The major Jatiluhur Dam is quite close to Purwakarta and may be easily visited from the town. This dam is also used as a recreation place.

===Toll road access===
Purwakarta can be accessed through toll roads.

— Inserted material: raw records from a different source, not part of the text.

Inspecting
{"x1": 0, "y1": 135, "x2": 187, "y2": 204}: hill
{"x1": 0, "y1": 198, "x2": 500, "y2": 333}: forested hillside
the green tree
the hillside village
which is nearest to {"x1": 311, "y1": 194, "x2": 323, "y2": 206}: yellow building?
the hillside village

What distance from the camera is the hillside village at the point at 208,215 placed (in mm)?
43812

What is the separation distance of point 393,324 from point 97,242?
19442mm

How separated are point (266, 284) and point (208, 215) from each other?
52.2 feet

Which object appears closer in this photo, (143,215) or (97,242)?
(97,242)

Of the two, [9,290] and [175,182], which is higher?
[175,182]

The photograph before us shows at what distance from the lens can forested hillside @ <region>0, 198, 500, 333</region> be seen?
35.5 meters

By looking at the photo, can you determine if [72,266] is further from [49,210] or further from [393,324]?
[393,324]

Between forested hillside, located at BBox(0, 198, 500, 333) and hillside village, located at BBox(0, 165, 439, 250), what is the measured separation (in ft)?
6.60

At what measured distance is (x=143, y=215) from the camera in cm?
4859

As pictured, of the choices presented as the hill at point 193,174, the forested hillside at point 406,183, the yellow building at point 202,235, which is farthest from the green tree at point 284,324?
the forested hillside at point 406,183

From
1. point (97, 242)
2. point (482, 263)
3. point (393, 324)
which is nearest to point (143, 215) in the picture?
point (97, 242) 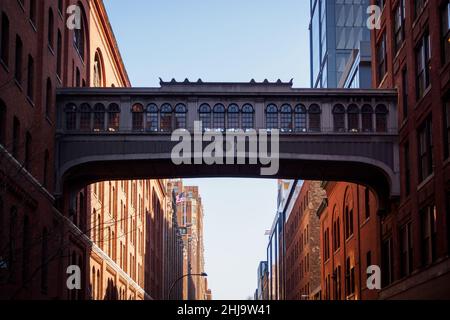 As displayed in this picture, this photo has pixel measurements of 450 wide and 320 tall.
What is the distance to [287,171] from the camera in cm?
4966

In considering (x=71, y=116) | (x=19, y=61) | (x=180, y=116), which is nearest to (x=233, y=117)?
(x=180, y=116)

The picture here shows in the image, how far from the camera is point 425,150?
132 ft

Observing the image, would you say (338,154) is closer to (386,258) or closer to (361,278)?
(386,258)

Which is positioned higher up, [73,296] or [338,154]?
[338,154]

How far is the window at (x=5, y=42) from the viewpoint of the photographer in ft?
114

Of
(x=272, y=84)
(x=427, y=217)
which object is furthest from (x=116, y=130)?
(x=427, y=217)

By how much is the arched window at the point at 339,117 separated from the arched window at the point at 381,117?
173cm

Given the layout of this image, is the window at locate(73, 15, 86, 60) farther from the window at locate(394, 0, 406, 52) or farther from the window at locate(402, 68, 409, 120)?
the window at locate(402, 68, 409, 120)

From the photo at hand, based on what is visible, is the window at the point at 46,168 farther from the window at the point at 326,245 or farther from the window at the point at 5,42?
the window at the point at 326,245

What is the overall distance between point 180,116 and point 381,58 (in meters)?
12.9

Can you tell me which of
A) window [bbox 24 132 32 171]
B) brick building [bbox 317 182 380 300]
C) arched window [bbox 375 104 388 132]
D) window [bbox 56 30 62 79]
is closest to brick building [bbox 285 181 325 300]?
brick building [bbox 317 182 380 300]

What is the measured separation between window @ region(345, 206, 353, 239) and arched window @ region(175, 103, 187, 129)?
19583mm

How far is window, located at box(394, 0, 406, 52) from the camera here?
44656mm

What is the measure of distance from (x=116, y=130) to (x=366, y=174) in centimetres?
1360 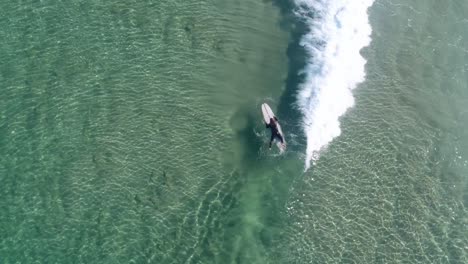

| Toll Road | Toll Gate | KM |
| Cipularang Toll Road | Sadang | 76 |
| Jatiluhur | 84 |

Both toll gates are in the Cikopo to Bandung direction.

==Tourism==
===Sri Baduga Water Fountain Park===
The three-hectare Sri Baduga Water Fountain Park is a world-class attraction and the biggest of its kind in Southeast Asia. It has music, dancing water, and a light show.
==Climate==
Purwakarta has a tropical rainforest climate (Af) with heavy to very heavy rainfall year-round.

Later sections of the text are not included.